• **What the task asks**
Both the line below containing "LG gram 17Z90R/" and the line containing "Решите уравнение log 0.5 (x^2-4x-1)=-2", along with every line between them, should be repeated exactly; no other line belongs in the answer.

[[ Input open ]]

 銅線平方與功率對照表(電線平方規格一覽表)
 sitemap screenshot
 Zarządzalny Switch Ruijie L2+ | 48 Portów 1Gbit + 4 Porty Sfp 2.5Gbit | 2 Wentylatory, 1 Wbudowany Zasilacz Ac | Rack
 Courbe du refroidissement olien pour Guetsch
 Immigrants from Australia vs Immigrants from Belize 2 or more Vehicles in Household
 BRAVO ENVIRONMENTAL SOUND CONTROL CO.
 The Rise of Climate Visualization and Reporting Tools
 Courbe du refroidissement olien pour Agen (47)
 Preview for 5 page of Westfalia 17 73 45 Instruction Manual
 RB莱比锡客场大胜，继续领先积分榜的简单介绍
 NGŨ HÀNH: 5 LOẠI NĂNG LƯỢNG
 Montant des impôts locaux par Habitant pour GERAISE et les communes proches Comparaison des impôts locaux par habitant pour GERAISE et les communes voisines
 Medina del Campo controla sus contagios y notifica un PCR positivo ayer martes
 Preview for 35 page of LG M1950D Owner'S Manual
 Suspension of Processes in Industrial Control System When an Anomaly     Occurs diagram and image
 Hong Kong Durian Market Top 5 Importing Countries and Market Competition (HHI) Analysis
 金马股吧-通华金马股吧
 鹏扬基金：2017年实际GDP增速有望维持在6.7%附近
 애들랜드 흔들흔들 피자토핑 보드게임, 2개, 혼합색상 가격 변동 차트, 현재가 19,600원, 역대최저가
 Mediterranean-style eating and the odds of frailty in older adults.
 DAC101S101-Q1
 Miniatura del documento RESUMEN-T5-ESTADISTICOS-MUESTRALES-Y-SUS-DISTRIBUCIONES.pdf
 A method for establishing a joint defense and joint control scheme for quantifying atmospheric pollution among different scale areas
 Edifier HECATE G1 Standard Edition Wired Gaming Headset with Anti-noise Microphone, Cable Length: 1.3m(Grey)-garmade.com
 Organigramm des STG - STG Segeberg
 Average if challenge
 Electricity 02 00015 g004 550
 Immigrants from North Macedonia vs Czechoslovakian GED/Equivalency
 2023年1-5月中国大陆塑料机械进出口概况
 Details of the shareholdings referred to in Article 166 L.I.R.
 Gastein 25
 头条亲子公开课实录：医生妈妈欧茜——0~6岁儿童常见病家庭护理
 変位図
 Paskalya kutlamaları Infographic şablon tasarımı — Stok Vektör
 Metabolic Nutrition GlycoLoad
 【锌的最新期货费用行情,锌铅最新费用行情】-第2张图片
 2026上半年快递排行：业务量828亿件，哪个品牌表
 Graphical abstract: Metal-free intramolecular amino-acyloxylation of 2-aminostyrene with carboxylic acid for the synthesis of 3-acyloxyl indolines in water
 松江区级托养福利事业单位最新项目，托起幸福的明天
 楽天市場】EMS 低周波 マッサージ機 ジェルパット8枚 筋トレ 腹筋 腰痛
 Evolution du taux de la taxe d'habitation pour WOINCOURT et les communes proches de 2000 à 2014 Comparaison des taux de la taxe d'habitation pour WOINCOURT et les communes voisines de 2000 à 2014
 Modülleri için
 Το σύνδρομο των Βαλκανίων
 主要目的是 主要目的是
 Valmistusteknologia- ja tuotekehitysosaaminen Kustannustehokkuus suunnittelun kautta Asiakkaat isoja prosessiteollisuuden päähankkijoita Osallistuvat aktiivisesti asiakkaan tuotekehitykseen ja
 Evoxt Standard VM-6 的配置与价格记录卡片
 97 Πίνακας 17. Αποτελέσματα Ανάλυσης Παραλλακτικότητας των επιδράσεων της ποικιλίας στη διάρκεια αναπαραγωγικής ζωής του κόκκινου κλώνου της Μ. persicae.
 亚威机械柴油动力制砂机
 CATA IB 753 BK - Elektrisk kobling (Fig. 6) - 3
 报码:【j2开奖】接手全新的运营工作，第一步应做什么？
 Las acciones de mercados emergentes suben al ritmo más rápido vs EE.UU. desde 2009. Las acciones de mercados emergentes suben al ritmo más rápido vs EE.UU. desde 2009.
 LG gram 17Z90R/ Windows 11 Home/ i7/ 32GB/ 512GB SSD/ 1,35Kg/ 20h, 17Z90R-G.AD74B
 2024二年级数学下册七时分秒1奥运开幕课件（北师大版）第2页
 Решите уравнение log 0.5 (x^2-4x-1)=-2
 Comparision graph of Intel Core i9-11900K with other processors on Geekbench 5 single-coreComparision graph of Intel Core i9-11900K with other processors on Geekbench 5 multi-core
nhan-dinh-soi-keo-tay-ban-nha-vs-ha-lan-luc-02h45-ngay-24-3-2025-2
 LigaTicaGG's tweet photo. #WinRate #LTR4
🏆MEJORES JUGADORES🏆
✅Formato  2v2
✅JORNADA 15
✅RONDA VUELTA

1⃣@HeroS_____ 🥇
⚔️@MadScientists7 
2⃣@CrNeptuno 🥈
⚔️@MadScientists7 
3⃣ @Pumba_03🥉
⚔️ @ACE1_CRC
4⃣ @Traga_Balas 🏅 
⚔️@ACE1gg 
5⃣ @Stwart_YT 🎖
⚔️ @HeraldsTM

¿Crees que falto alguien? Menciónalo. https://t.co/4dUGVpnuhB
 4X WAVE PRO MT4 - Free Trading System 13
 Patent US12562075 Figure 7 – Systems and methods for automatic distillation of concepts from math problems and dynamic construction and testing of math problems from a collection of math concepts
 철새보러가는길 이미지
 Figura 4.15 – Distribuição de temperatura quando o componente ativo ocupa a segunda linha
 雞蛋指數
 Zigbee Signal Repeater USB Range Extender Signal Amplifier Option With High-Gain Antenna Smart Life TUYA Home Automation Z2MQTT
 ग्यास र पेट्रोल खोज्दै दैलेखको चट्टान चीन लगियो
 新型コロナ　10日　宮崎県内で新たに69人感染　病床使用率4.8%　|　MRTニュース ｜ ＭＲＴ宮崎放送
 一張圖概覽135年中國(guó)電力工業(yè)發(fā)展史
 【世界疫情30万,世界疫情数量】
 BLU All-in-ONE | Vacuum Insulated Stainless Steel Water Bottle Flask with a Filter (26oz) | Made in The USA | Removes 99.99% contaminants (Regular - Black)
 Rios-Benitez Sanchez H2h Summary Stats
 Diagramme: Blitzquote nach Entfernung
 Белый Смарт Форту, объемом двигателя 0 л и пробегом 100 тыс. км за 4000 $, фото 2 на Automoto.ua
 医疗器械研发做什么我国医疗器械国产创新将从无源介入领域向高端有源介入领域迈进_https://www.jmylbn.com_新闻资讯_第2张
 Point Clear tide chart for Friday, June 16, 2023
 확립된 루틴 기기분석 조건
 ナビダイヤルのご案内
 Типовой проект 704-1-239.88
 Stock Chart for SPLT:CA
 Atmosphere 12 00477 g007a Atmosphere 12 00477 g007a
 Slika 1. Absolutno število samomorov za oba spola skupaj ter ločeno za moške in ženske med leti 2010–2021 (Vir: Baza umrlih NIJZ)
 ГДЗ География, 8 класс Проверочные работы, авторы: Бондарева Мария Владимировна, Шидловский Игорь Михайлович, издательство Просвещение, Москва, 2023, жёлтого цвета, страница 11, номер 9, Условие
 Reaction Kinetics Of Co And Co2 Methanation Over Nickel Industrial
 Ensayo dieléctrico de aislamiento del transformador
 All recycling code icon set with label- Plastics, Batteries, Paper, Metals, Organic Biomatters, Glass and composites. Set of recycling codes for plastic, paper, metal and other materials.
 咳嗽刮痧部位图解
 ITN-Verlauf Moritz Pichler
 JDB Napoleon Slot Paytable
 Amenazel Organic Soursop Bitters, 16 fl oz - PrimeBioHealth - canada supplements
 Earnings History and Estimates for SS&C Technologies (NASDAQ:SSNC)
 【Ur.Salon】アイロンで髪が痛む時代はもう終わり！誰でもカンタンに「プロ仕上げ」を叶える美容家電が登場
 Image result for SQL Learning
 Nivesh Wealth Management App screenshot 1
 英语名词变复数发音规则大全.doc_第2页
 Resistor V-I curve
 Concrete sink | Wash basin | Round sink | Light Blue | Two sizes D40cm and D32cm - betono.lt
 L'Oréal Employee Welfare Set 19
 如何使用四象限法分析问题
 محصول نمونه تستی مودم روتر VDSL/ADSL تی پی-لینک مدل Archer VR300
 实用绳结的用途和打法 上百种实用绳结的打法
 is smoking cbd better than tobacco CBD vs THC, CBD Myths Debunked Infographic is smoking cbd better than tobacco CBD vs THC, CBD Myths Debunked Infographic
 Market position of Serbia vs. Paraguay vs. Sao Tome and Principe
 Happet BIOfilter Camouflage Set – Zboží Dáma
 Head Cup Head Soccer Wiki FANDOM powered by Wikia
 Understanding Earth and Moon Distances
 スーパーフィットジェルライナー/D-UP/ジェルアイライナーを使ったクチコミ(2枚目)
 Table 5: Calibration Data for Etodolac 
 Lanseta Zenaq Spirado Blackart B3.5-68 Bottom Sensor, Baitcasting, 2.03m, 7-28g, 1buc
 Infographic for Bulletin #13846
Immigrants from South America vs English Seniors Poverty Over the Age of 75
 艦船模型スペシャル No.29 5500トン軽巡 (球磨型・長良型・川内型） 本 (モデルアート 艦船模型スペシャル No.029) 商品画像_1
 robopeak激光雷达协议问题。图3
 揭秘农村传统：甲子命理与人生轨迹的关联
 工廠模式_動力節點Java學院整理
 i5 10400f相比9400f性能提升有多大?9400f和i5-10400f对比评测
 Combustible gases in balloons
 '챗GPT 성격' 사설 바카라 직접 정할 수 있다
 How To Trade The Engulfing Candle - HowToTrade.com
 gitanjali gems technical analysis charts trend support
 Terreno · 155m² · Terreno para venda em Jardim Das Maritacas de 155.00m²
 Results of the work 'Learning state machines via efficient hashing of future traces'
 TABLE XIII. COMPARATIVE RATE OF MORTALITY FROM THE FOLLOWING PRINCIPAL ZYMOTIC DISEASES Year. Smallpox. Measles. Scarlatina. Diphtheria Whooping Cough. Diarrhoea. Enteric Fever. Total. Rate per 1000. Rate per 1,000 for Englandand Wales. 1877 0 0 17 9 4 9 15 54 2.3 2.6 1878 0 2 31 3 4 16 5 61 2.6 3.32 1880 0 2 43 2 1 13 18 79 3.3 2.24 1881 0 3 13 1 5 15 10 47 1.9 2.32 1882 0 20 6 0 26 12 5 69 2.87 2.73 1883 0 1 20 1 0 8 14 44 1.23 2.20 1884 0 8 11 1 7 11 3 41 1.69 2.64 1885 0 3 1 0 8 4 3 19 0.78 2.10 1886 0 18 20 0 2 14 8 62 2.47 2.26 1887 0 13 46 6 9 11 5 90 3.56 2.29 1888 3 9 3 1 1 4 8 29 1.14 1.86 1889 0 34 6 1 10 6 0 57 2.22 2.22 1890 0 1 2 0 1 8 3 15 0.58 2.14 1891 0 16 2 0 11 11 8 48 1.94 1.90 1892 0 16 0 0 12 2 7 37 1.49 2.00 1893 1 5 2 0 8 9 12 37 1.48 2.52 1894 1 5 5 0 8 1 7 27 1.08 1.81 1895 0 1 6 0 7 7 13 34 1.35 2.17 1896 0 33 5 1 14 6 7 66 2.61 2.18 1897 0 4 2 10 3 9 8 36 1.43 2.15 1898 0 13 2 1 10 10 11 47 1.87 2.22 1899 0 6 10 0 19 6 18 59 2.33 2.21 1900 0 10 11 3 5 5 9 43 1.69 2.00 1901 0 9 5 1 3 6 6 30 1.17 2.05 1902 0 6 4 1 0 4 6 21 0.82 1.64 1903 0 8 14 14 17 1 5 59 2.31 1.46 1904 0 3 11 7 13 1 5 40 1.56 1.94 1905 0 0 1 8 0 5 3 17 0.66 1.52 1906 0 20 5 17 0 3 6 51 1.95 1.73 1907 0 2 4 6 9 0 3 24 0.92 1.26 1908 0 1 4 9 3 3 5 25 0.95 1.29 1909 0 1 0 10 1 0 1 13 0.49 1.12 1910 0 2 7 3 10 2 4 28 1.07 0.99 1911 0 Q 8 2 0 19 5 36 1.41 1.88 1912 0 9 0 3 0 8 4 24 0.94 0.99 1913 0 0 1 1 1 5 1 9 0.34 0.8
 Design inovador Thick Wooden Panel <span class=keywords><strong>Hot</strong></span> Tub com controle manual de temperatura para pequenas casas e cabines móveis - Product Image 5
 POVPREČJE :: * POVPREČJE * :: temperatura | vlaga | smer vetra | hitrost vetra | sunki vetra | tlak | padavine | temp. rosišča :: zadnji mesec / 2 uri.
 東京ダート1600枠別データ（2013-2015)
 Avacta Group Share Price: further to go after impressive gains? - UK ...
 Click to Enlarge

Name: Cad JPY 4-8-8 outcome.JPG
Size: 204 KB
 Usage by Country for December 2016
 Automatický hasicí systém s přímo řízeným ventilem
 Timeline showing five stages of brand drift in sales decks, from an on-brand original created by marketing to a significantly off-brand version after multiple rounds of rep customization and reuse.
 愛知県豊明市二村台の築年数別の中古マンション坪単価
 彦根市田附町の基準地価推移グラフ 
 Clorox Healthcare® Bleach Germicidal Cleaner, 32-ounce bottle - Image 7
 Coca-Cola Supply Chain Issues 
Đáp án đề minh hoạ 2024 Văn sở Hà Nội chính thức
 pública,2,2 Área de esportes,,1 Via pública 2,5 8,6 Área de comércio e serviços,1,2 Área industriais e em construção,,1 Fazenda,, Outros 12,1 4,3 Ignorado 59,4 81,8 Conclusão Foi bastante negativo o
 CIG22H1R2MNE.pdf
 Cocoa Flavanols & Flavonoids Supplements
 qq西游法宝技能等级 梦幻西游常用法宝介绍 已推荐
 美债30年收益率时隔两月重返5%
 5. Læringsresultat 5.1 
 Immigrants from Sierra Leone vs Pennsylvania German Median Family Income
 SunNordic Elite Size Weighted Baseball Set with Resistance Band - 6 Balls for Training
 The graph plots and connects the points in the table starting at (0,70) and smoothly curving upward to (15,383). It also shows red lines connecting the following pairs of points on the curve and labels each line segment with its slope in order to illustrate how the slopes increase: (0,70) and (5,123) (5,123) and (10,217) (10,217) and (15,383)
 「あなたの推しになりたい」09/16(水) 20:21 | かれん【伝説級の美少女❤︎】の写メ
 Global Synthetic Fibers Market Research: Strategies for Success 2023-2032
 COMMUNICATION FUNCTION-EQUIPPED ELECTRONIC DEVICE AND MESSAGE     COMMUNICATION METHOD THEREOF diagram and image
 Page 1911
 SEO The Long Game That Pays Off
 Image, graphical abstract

[[ Input closed ]]

• **Problem solution**
 LG gram 17Z90R/ Windows 11 Home/ i7/ 32GB/ 512GB SSD/ 1,35Kg/ 20h, 17Z90R-G.AD74B
 2024二年级数学下册七时分秒1奥运开幕课件（北师大版）第2页
 Решите уравнение log 0.5 (x^2-4x-1)=-2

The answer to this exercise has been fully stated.